EXTRACTED DATA: Begin

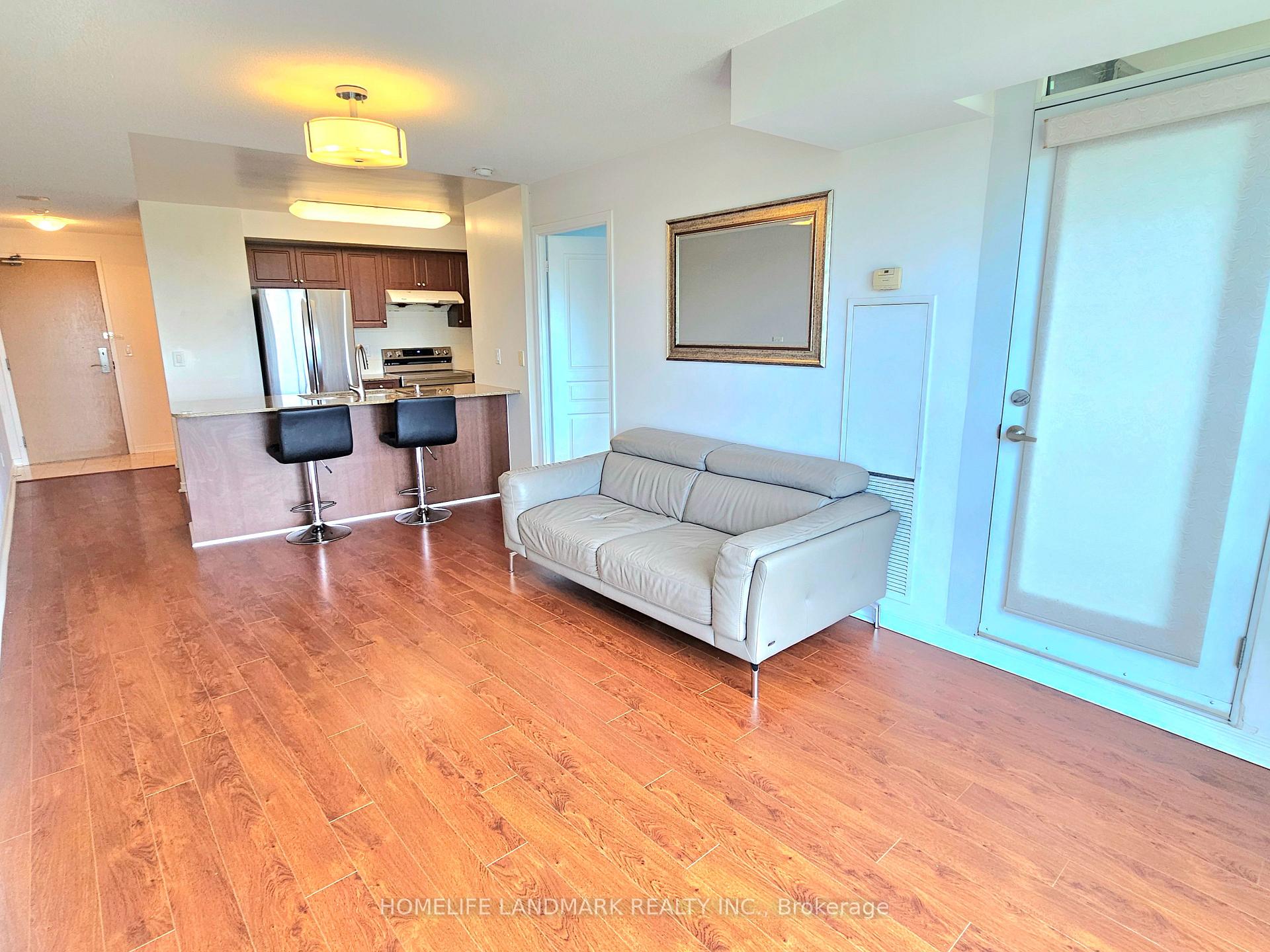 Photo 22 of Unit 812, 503 Beecroft Road, North York, Willowdale West — HOMEH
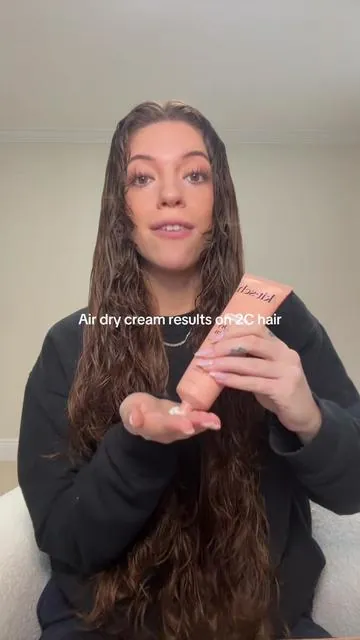 My curly hair routine has never been easier😳 folllow for hair tutorials 🫶 #curlyhair #curlyhairstyle #airdryhair #tiktokshopstockup #tiktokshopspringglowup 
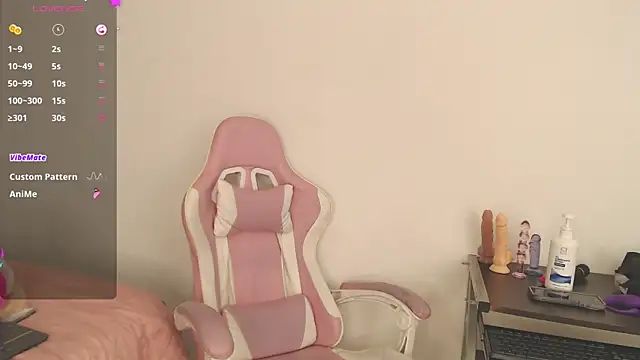 Jessica Dove online show from 07.28.26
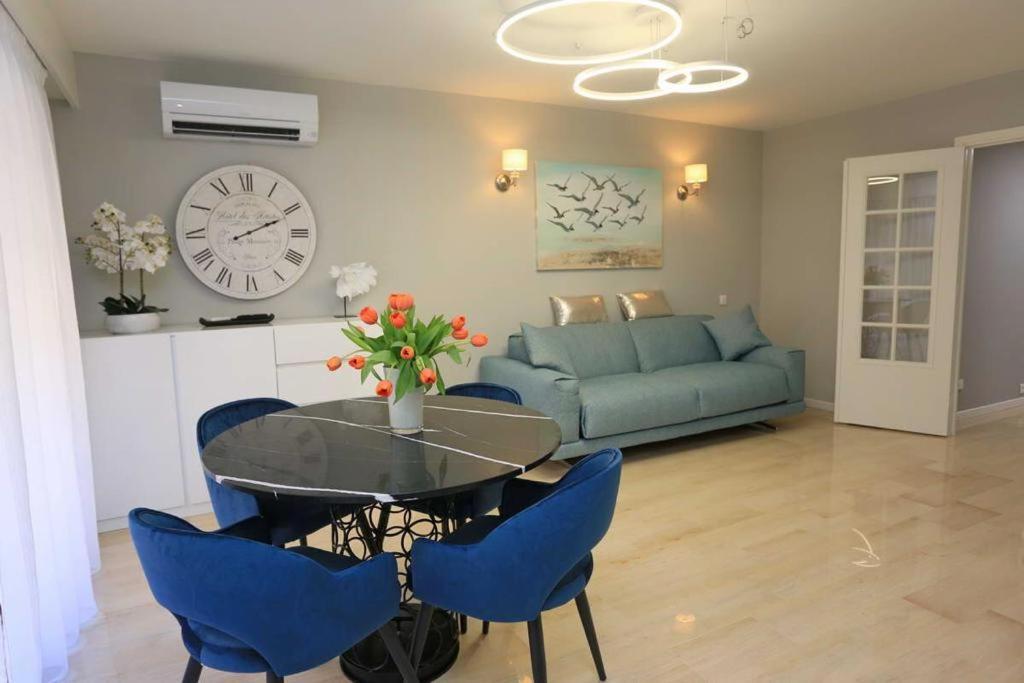 Luxe Gambetta - Sea View Appartement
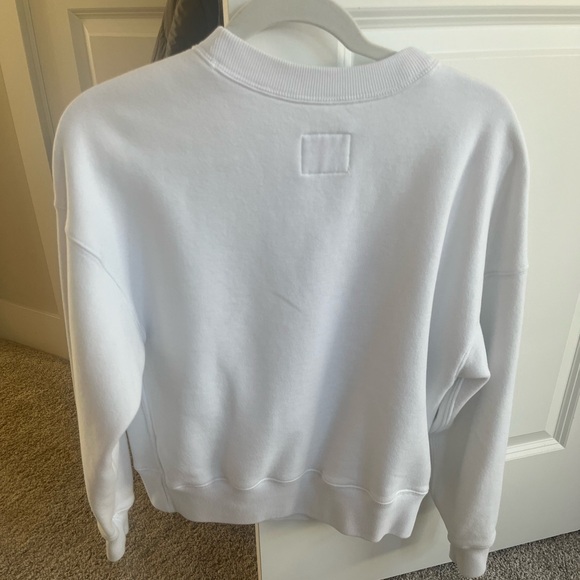 Abercrombie Soft AF Charleston Crewneck - Picture 4 of 4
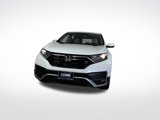 Used 2022 Honda CR-V EX-L image 2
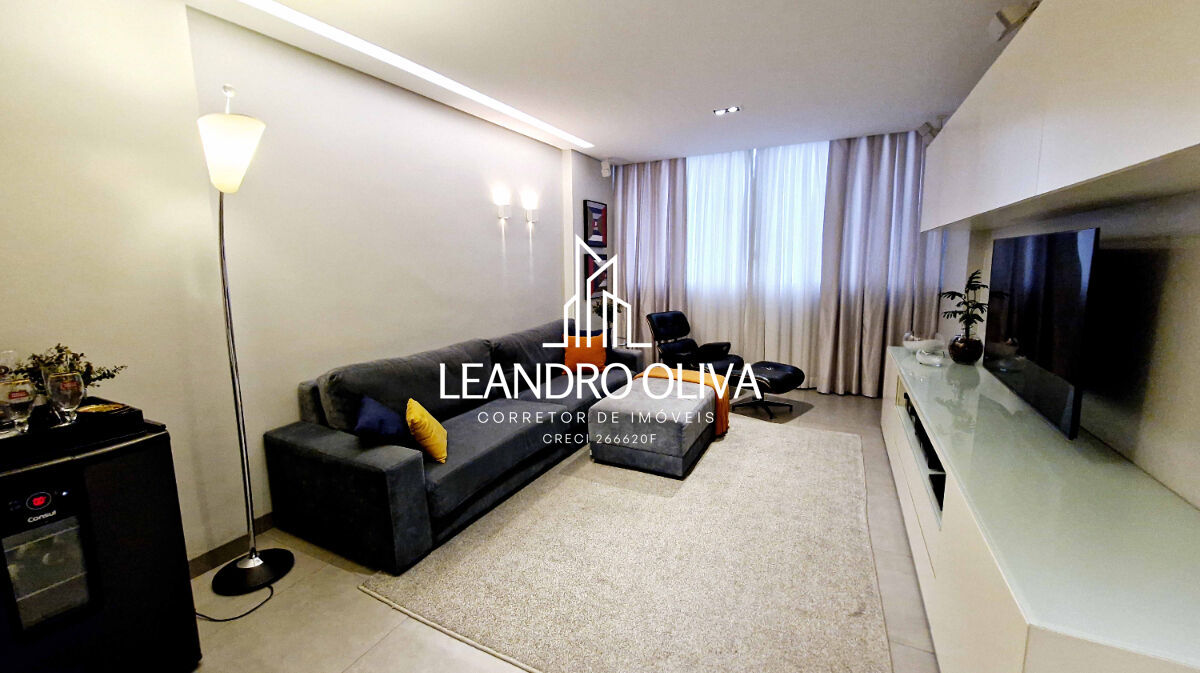 Apartamento, 3 quartos, 131 m² - Foto 4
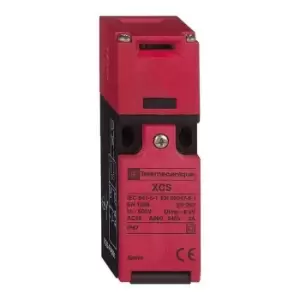 Image of XCSPA792, Plastic Guard Switch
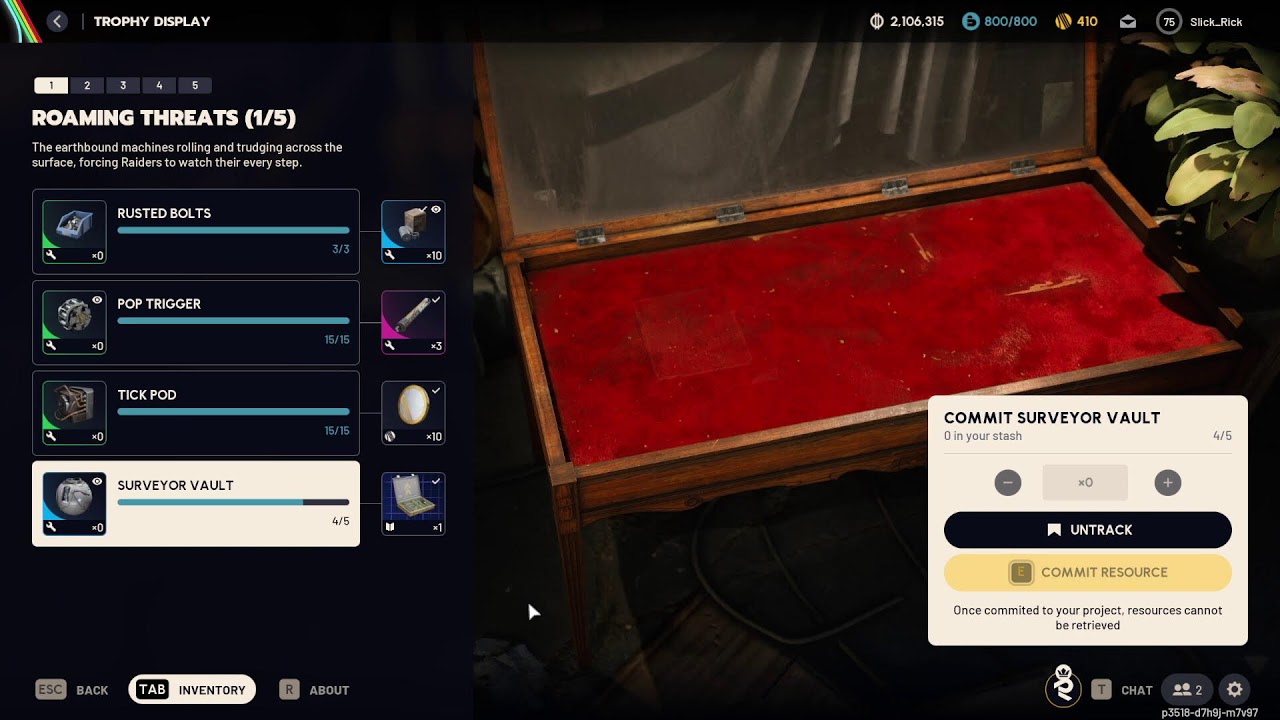 🔴 LIVE | ARC RAIDERS Solo ⚡ Grinding Trials & Quests Antes de la Expedition 😤🔥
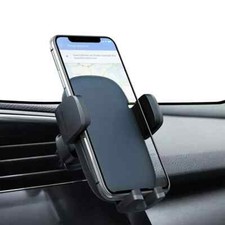 Air Vent Car Phone Holder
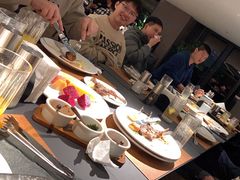 -拉蒂娜·巴西牛排馆 Latina·Brazilian Steakhouse(王府井喜悦店)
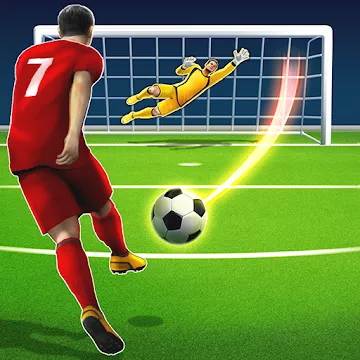 Football Strike - Multiplayer Fussball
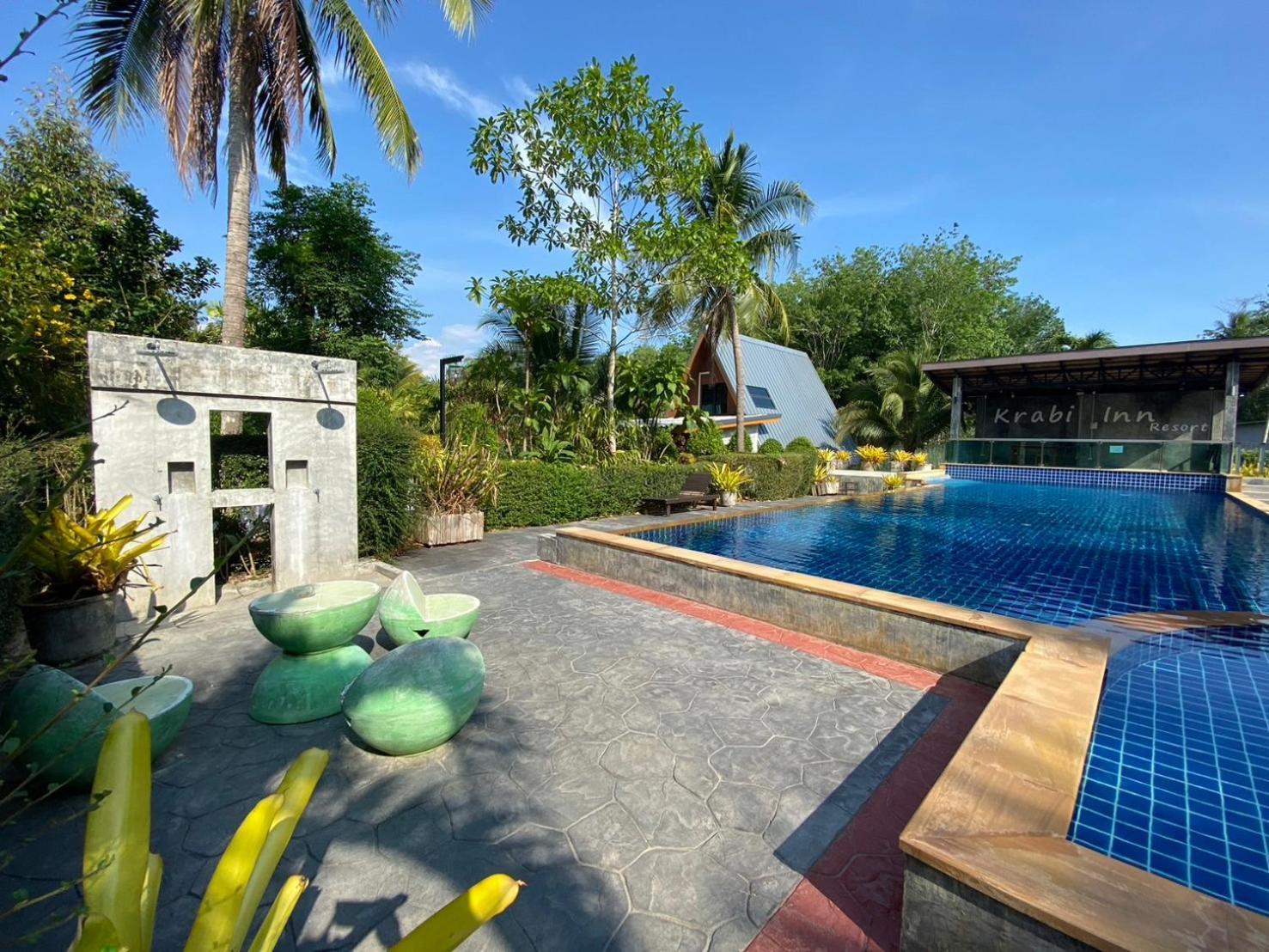 Krabi Resort 3*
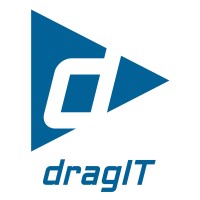 dragIT logo - Similar company to Dragit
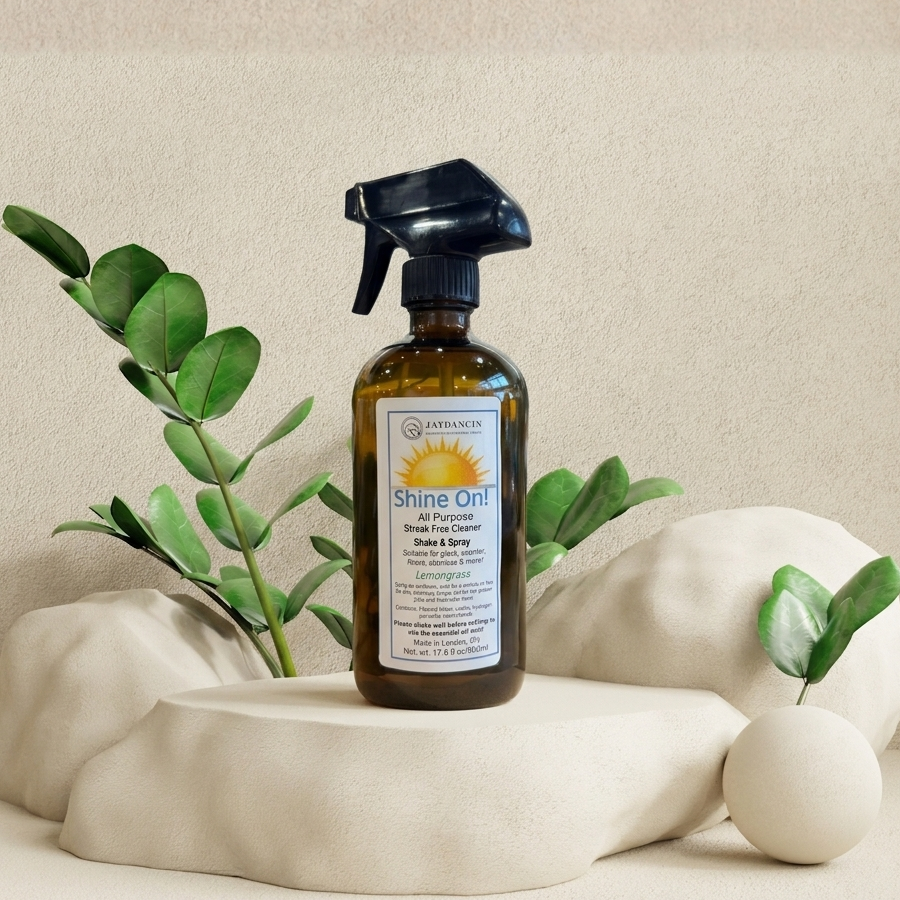 Shine On - All Natural All Purpose Cleaner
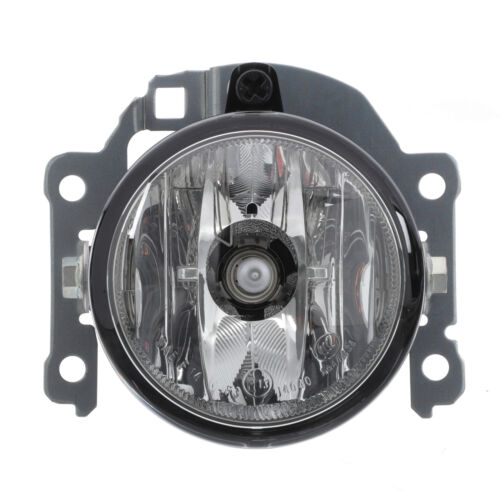 [8321A669] [8321A669] LH-RH Fog lamp assembly MITSUBISHI OUTLANDER 2016-2020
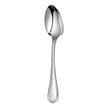 Christofle Spatours Silver Plated Standard Table Spoon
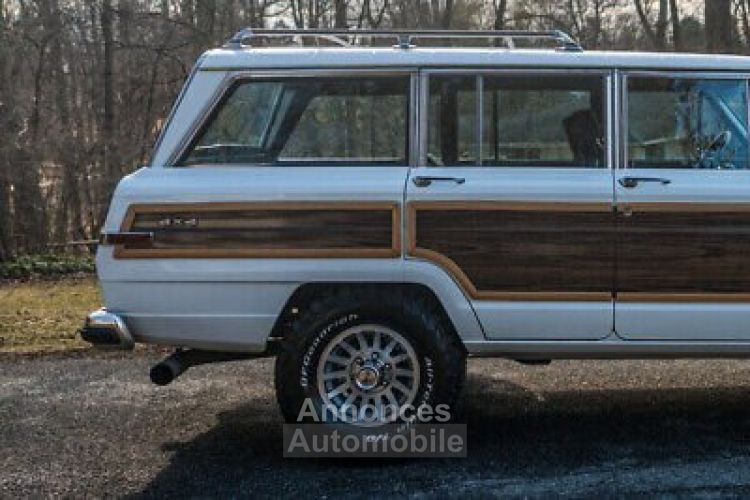 Jeep Wagoneer - <small></small> 43.400 € <small>TTC</small> - #10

EXTRACTED DATA: End

WHAT YOU SHOULD DO:
Repeat every record above exactly. Omit the pictures.

WRITTEN SOLUTION:
 Photo 22 of Unit 812, 503 Beecroft Road, North York, Willowdale West — HOMEH
 My curly hair routine has never been easier😳 folllow for hair tutorials 🫶 #curlyhair #curlyhairstyle #airdryhair #tiktokshopstockup #tiktokshopspringglowup 
 Jessica Dove online show from 07.28.26
 Luxe Gambetta - Sea View Appartement
 Abercrombie Soft AF Charleston Crewneck - Picture 4 of 4
 Used 2022 Honda CR-V EX-L image 2
 Apartamento, 3 quartos, 131 m² - Foto 4
 Image of XCSPA792, Plastic Guard Switch
 🔴 LIVE | ARC RAIDERS Solo ⚡ Grinding Trials & Quests Antes de la Expedition 😤🔥
 Air Vent Car Phone Holder
 -拉蒂娜·巴西牛排馆 Latina·Brazilian Steakhouse(王府井喜悦店)
 Football Strike - Multiplayer Fussball
 Krabi Resort 3*
 dragIT logo - Similar company to Dragit
 Shine On - All Natural All Purpose Cleaner
 [8321A669] [8321A669] LH-RH Fog lamp assembly MITSUBISHI OUTLANDER 2016-2020
 Christofle Spatours Silver Plated Standard Table Spoon
 Jeep Wagoneer - <small></small> 43.400 € <small>TTC</small> - #10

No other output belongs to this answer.